According to the Six Degrees of Separation, we are all much more connected than we can imagine. If I want to send a payment to Bob, but don’t have a payment channel with Bob, but I do with Alice and Bob also has one with Alice, then the transaction will still work.

These LN wallets are able to communicate with each other and can hop between connecting channels to arrive at its destination.

Here’s a great video of how it all works too ( 8:13)

Three developer teams are independently working on the Lightning solution as of now:

ACINQ has already started a testnet solution for the age-old question, “Yeah it looks cool, but can I buy a coffee with Bitcoin?” Wallet solutions are also on their way, and if you want to see a great in-depth explanation of how the LN wallets work, check out my interview with Jack Mallers and his open source LN wallet, ZAP.

Implementation is Coming

The release of RC1 allows developers to begin testing and playing around with the LN and dApps. Concepts using the Lightning Network that we haven’t conceived yet are sure to come; in a parallel to what people are now making with smart contracts.

The costs of the Lightning Network

Many Bitcoin enthusiasts are skeptical of LN’s claim of being a decentralized solution for Bitcoin, and much controversy has stirred from it. Jonald Fyookball wrote a paper proving that mathematically, the Lightning Network could not be decentralized.

(The debate also rages on Bitcointalk, starting with this image)

Diane Reynolds, a writer on Hackernoon, decided to take up Jonald’s mathematical proof with a simulation of the Lightning Network running 10 million hypothetical users. The simulator works and this is what she had to say about the results:

We have given a structure for a lightning network with 10 million users which has no centralized hubs. Indeed each user has exactly the same connectivity and funding as all other users.
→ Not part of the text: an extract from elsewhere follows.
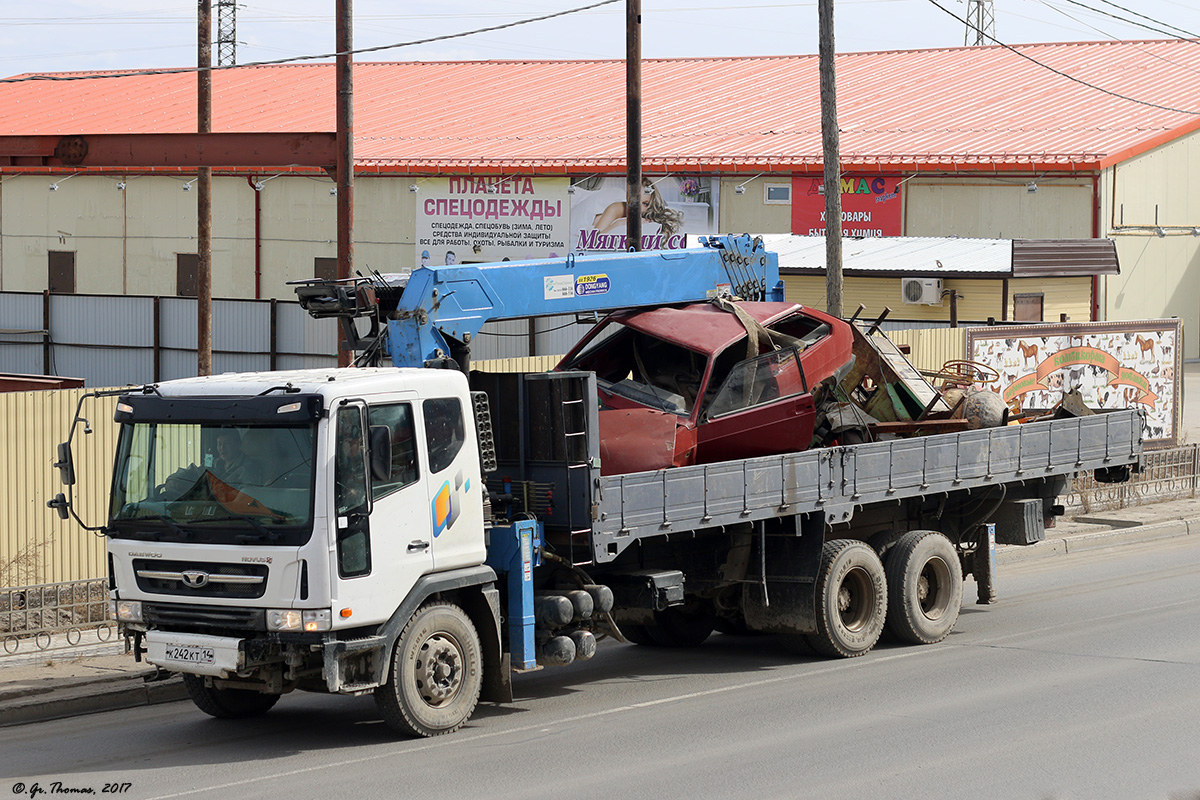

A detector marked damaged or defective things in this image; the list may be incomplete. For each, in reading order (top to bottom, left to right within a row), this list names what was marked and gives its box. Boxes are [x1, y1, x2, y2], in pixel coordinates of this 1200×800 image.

While this is not how a lightning network would be expected to evolve in a real world scenario, it does show that it is technically possible to have such a network. In addition we have given code to simulate making payments in the network. A relatively short run (attempting 400,000 payments) shows that payments succeed 99% of the time, failing more often for micropayments than larger payments.

It’s going to be hard to understand whether LN really does compromise decentralization until it is fully implemented, but it’s great to see that the Lightning Network is on schedule and that these teams working on have been successful in getting it to work on the blockchain. We should be seeing some big strides in Bitcoin very soon.